What is a Closed-End Fund? - Definition & Examples

Instructor: Ian Lord

Ian is a real estate investor, MBA, former health professions educator, and Air Force veteran.

In this lesson we will look at what a closed-end fund is and how it is structured. We all also review how it combines elements of both mutual funds and stocks.

Closed-End Fund

Steve's father passed away last year, and as part of his inheritance he received an investment labeled 'Closed-End Fund'. Most of the portfolio is made up of stocks and mutual funds, but this one is a mystery to Steve. Let's help Steve understand what a closed-end fund is, how it operates, and what he can do with the investment.
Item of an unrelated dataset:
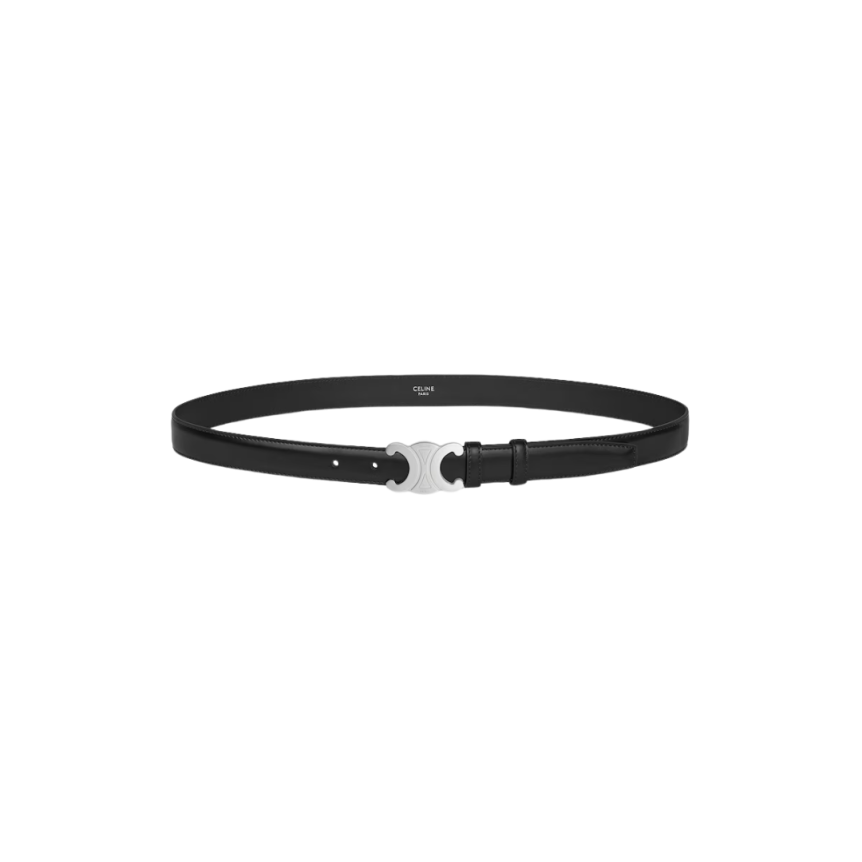 Ceinture CELINE Triomphe cuir taurillon noir boucle argent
A closed-end fund is an investment company that blends aspects of shares of stock and open-end funds such as mutual funds. The closed-end fund begins when an investment company raises capital through an initial public offering or IPO.

At the time of the IPO, investors trade money for shares in the closed-end fund. This fixed amount is directed to a number of investment assets according to the investment advisor's management plan. Closed-end funds are typically organized around specific type of investments like generating returns with as little tax burden as possible, real estate, energy, or emerging markets.

These funds are bought and sold through a brokerage account in a similar manner to stocks. Because of this, the price of the shares change throughout the day based on investor activity in the market, unlike mutual funds, which are only priced once at the conclusion of each business day.


Back to Steve. He has this investment that was created like it were a stock, but it effectively behaves like a mutual fund with an advisor buying and selling the investments inside the fund. What can he do with it?

With a mutual fund, shares of the fund are sold to the investor by the mutual fund company. When the investor sells the shares, the mutual fund company makes the appropriate sale of assets and returns cash to the investor.

In a closed-end fund this isn't the case. This is where trading acts more like a stock. Rather than sell the shares back to the investment company, Steve can sell the shares to another investor through his brokerage.

Closed-end fund prices are determined by supply and demand. The fund has an underlying Net Asset Value or NAV, but the actual price the shares sell for is based on what investors are willing to pay for those shares.